Exercise goal:
All of the data should be reproduced word for word, though its pictures must be omitted.

Dataset extract:
┌──

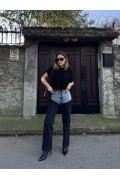 Kadın Jeans Kot Parçalı Palazzo Pantolon - Siyah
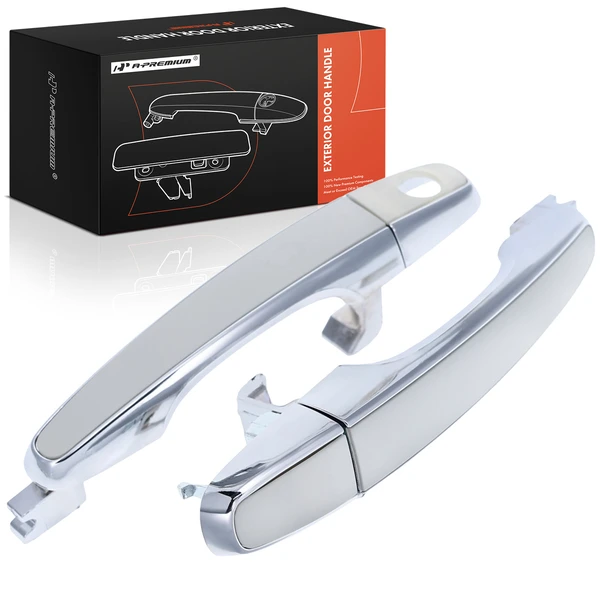 2 Pcs Front Chrome Exterior Door Handle with Keyhole for 2008-2009 Pontiac G8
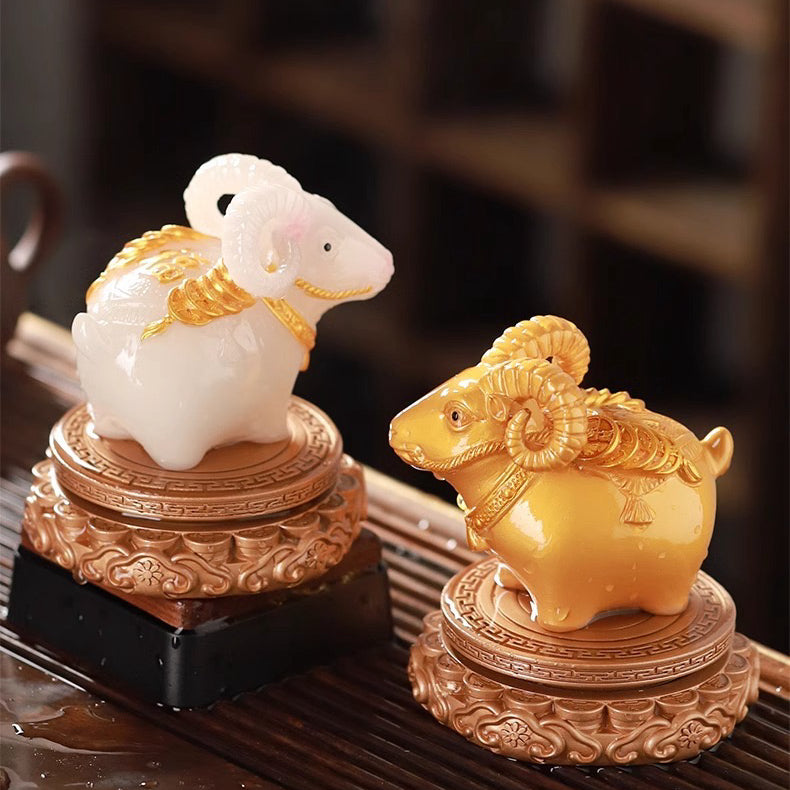 Auspicious Fortune Goat Color-Changing Tea Pet Ornament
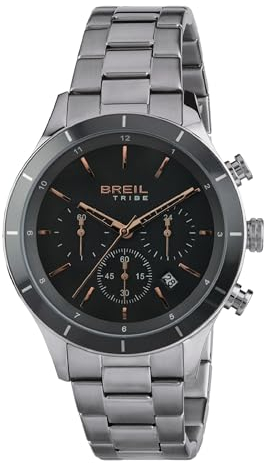Breil Uhr Herren Dude Ziffernblatt GRAU Bewegung Chrono Quartz e Bracelet Stahl Silber EW0448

└──

Reply to the task:
 Kadın Jeans Kot Parçalı Palazzo Pantolon - Siyah
 2 Pcs Front Chrome Exterior Door Handle with Keyhole for 2008-2009 Pontiac G8
 Auspicious Fortune Goat Color-Changing Tea Pet Ornament
Breil Uhr Herren Dude Ziffernblatt GRAU Bewegung Chrono Quartz e Bracelet Stahl Silber EW0448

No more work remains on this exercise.